Ensuite, un écosystème français s’est créé avec une « offre très solide en France », note Alexandre Hollander, président d’Amarante International. Alors que seuls des cabinets anglo-saxons maniaient l’intelligence économique auparavant, ces derniers ont diminué en proportion. Remarque, depuis quelques mois, les entreprises du secteur aussi bien que les pays concurrents emmènent l’IE sur un terrain « beaucoup plus conflictuel ».

Les Européens et les Français peuvent aussi déployer leurs règles. Mais pour l’avocat Olivier de Maison Rouge, il est vain de « tout attendre de la loi ». Toutefois, elle peut améliorer la prise en compte des trois piliers de base : la veille, la protection et l’influence. L’avocat souligne les « avancées significatives » des dernières années. Il revient sur « l’affaire Michelin » et le cas de Pablo de Santiago (nom d’emprunt).
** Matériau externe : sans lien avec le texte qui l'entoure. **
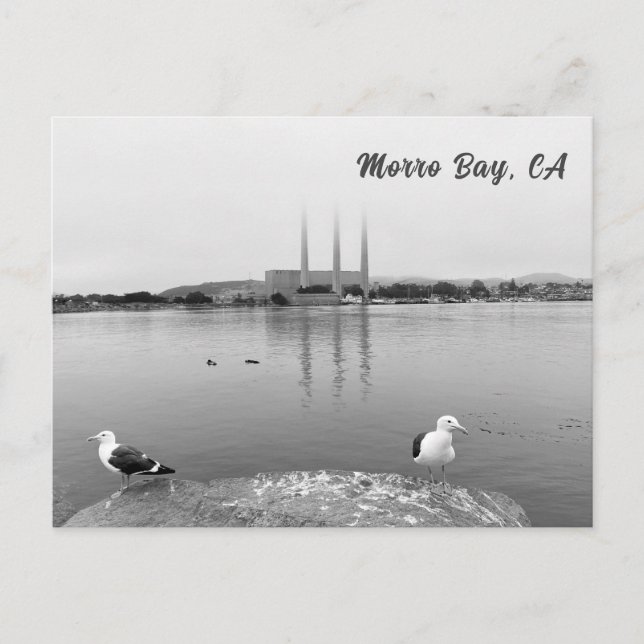 Sea Gulls i Morro Bay California Vykort (Framsida)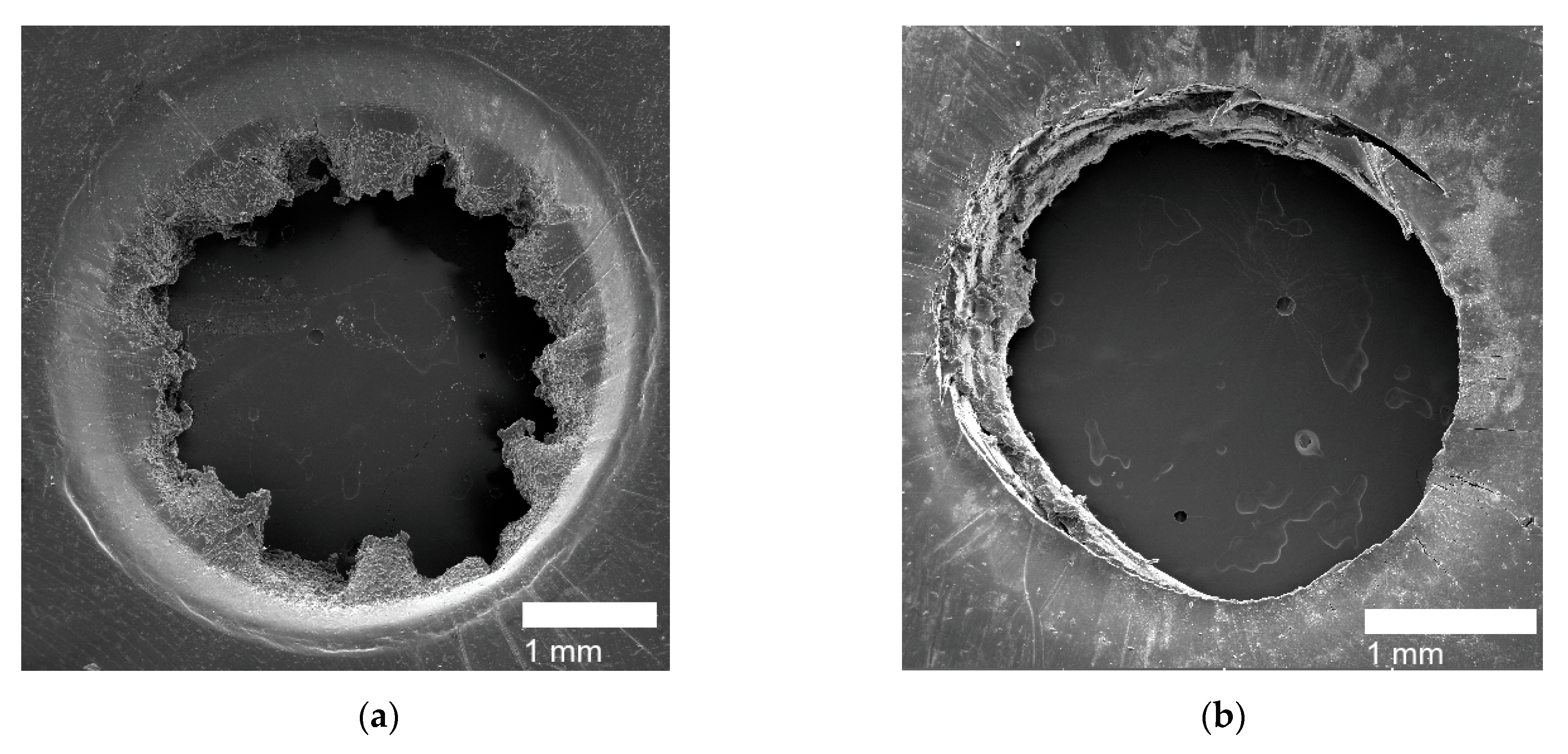 Polymers 14 03575 g011 550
L’individu a été jugé en 2010 pour avoir soutiré les données stratégiques, industrielles, d’un projet sur lequel il travaillait, et avoir tenté de les revendre à l’étranger. Identifié puis arrêté, l’ancien cadre de Michelin a été traduit devant les tribunaux pour trois motifs : atteinte aux intérêts fondamentaux de la nation, atteinte au secret industriel, et abus de confiance. S’il a été relaxé pour les deux premiers chefs d’accusation, il a bel et bien été condamné pour abus de confiance, c’est-à-dire « détournement d’informations ».

Objectif actuel, garantir les données

Il faut préserver les données et recouper les informations, même si ça devient difficile. « Aujourd’hui, sur les réseaux sociaux, des individus sont poussés par certains pays pour délivrer des messages qui vont peu à peu tordre l’esprit des gens », déclarait le 13 mai Alain Juillet, ex-directeur du renseignement de la DGSE, au micro de Sud Radio.

Pour beaucoup, « La donnée est l’or noir du XXIe siècle », notamment pour le groupe Chapsvision ; c’est en tout cas la conviction de son fondateur, Olivier Dellenbach. Il aide ses clients à créer de la valeur à partir de leurs données. Son ambition est de faire émerger un leader technologique national souverain. Son entreprise entend protéger les « valeurs » françaises et fournir des alternatives aux systèmes américains de traitement et de collecte des informations.

Mais, les Européens restent « à la traîne », alors même que les Américains, Israéliens, Chinois et Russes se montrent « très en avance » sur ces outils. L’entrepreneur estime que ce retard constitue « une faiblesse très importante ». Il considère que les lacunes du cadre réglementaire français ne permettent pas aux acteurs nationaux de se protéger de façon satisfaisante. Olivier Dellenbach exhorte le législateur à « faire son job ».

L’Europe ne cesse de « se tirer une balle dans le pied » sur ces sujets-là. La RGPD en fournit une illustration, puisque tous les États du monde ne sont pas dans l’obligation de l’appliquer. Dans ce contexte, s’immisce une distorsion concurrentielle. Le dirigeant pense qu’il n’est, par exemple, pas autorisé par le carcan juridique, à collecter des informations sur un concurrent américain, alors que l’inverse est tout à fait possible.

Pourtant, la réforme du régime de la protection du patrimoine scientifique et technique de la nation (PPST), permet d’arriver à un « régime relativement opérationnel », d’après Olivier de Maison Rouge. Quand bien même l’application des textes n’est pas universelle, l’Europe ouvre la voie pour légiférer. L’avocat répète que notre « marché unique de la donnée » est doté de la réglementation en matière de protection des données personnelles, le RGPD (Règlement général sur la protection des données). Ce texte a longtemps été considéré comme une contrainte. Sa vocation extraterritoriale s’appuie certes sur des « fondements philosophiques humanistes », mais, par ailleurs, il peut sanctionner par des amendes records. Enfin, sur le plan français, a eu lieu la révision en 2014 de la loi Godfrain et en particulier de l’article 323.3 du Code pénal concernant ce qui relève de l’extraction, de la reproduction ou de la duplication de données.